■ Task to complete ■
Among the records, find the lines that hold the string "image" and return them.

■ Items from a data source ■

────────────────────

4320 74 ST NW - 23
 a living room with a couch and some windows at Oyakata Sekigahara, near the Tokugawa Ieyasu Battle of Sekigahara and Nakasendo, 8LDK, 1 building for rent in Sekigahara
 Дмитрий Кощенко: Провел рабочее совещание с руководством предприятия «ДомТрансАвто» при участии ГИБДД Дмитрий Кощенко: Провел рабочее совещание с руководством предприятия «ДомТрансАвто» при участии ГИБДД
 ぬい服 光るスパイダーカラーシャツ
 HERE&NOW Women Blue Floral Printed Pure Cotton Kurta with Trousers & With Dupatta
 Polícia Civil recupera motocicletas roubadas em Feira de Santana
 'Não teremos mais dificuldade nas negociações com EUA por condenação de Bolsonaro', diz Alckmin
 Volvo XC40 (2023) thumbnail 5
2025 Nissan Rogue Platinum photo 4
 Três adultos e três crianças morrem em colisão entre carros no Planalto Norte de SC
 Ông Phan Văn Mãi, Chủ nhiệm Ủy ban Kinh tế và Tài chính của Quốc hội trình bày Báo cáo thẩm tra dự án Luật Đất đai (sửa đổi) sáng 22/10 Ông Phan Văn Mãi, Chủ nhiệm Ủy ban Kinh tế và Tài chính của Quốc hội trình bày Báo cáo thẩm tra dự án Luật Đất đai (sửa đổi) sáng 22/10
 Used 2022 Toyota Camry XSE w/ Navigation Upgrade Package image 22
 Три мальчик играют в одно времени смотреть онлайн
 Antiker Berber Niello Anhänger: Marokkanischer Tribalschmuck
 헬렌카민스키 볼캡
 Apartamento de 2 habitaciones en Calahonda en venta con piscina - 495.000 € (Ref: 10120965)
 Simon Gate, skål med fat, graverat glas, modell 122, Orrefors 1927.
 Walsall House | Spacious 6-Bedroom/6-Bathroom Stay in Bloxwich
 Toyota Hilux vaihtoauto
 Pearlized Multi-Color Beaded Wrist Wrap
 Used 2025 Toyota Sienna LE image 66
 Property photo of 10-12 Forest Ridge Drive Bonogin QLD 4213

────────────────────

■ Task result ■
 Used 2022 Toyota Camry XSE w/ Navigation Upgrade Package image 22
 Used 2025 Toyota Sienna LE image 66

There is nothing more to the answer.